From the entries below, reproduce exactly the line containing "Organic Yerba Mate Hibiscus Tea", the line containing "GOBELET RECYCLÉ ISOLANT", and every line in between, with nothing added.

*Study material*

*** Begin section ***

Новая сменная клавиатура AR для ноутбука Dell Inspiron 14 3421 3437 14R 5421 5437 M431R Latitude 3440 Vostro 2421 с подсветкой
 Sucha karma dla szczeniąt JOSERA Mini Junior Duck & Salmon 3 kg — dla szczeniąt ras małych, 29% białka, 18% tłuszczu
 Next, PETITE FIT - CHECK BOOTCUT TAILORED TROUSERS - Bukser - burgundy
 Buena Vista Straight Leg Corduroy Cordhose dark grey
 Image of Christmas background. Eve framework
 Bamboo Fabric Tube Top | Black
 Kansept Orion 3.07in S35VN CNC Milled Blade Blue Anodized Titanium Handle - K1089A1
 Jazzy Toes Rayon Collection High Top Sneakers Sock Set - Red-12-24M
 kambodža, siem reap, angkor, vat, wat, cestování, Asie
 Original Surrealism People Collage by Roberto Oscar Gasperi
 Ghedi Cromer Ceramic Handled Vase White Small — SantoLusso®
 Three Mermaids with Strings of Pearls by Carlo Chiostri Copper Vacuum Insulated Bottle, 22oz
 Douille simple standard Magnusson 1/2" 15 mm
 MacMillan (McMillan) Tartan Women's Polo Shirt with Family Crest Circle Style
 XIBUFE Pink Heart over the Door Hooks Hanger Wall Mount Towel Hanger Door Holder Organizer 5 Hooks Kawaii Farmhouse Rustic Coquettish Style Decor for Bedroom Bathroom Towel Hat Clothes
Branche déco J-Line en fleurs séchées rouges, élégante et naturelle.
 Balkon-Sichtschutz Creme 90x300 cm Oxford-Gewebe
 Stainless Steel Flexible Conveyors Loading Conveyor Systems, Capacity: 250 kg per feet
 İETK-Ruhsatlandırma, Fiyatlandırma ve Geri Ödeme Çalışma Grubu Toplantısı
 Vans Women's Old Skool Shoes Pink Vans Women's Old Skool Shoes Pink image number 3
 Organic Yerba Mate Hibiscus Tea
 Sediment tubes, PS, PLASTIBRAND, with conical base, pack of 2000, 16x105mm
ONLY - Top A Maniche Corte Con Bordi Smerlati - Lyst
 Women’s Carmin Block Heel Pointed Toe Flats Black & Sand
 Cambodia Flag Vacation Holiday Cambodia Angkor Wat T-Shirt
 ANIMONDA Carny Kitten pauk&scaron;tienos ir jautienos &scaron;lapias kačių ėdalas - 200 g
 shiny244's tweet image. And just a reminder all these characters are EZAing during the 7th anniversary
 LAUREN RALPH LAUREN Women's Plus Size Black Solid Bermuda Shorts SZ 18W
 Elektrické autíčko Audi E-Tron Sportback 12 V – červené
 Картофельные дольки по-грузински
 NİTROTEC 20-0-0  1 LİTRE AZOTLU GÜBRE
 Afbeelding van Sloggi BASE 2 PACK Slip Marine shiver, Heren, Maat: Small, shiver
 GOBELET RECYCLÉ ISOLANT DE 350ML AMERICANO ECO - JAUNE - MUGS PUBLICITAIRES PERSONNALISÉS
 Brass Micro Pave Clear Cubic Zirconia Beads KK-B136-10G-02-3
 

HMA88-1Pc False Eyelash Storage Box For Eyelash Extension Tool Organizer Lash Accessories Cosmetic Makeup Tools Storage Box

*** End section ***

*Task output*
 Organic Yerba Mate Hibiscus Tea
 Sediment tubes, PS, PLASTIBRAND, with conical base, pack of 2000, 16x105mm
ONLY - Top A Maniche Corte Con Bordi Smerlati - Lyst
 Women’s Carmin Block Heel Pointed Toe Flats Black & Sand
 Cambodia Flag Vacation Holiday Cambodia Angkor Wat T-Shirt
 ANIMONDA Carny Kitten pauk&scaron;tienos ir jautienos &scaron;lapias kačių ėdalas - 200 g
 shiny244's tweet image. And just a reminder all these characters are EZAing during the 7th anniversary
 LAUREN RALPH LAUREN Women's Plus Size Black Solid Bermuda Shorts SZ 18W
 Elektrické autíčko Audi E-Tron Sportback 12 V – červené
 Картофельные дольки по-грузински
 NİTROTEC 20-0-0  1 LİTRE AZOTLU GÜBRE
 Afbeelding van Sloggi BASE 2 PACK Slip Marine shiver, Heren, Maat: Small, shiver
 GOBELET RECYCLÉ ISOLANT DE 350ML AMERICANO ECO - JAUNE - MUGS PUBLICITAIRES PERSONNALISÉS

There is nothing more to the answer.